* **WHAT THE TASK ASKS**
Exclude pictures and give again exactly the lines of the listing, beginning with its first line and ending with the one that contains "The Gömböc on".

* **GIVEN MATERIAL**
BEGIN

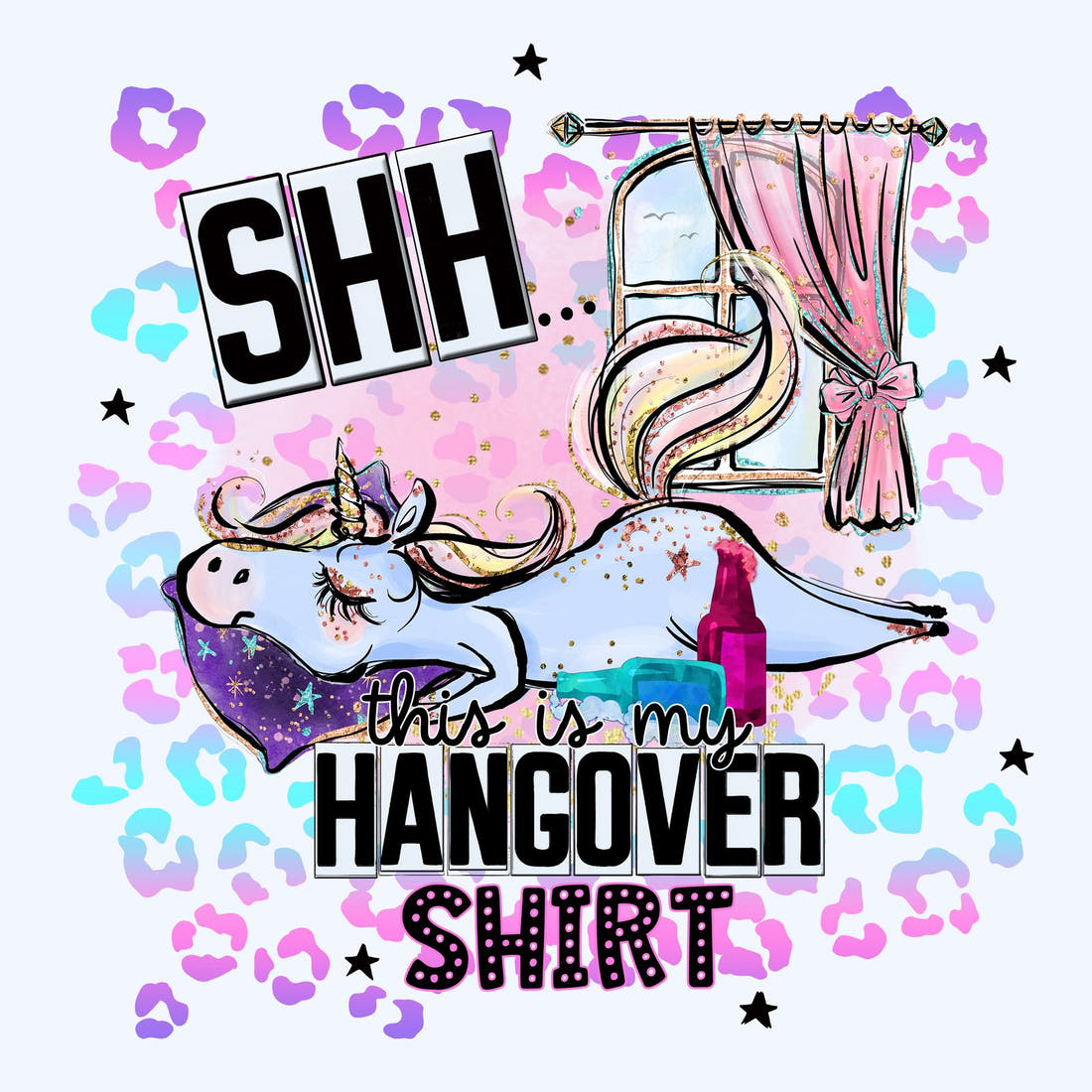 Design 105 Hangover Shirt Panel – full artwork close-up of the printed picture | Fabric by Missy Rose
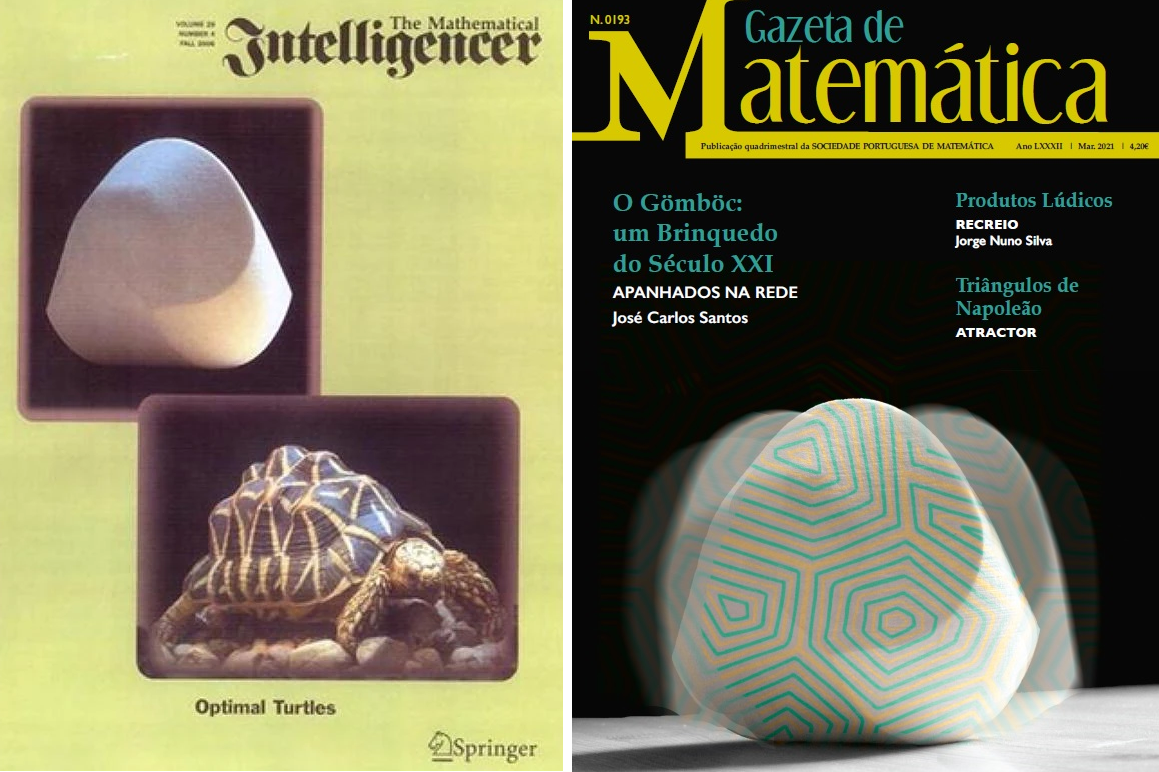 The Gömböc on the cover of the Mathematical Intelligencer, 2006 and Gazéta de Matematica, 2021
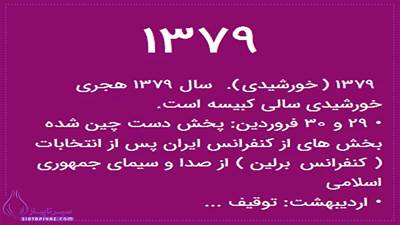 سال ۱۳۷۹ هجری شمسی برابر با سال ۲۰۰۰ تا ۲۰۰۱ میلادی است. این سال از نظر تاریخی بسیار مهم بود، چون با پایان قرن بیستم و آغاز قرن بیست‌ویکم همزمان شد. در ایران، دوران ریاست‌جمهوری محمد خاتمی ادامه داشت و کشور شاهد توقیف گسترده مطبوعات اصلاح‌طلب و اعتراضات دانشجویی بود 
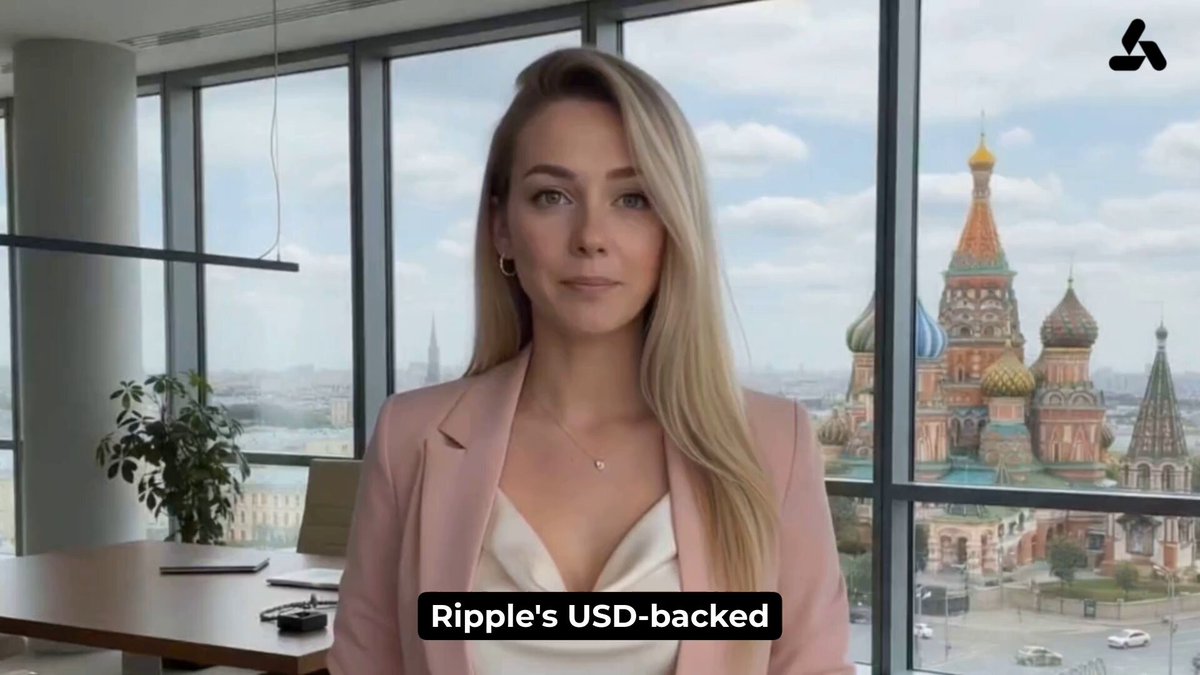 The image features a woman wearing a pink blazer, standing in front of a window with a view of a city skyline. The text "Ripple's USD-backed" can be seen in the image as well.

END

* **OUTPUT OF THE TASK**
 Design 105 Hangover Shirt Panel – full artwork close-up of the printed picture | Fabric by Missy Rose
 The Gömböc on the cover of the Mathematical Intelligencer, 2006 and Gazéta de Matematica, 2021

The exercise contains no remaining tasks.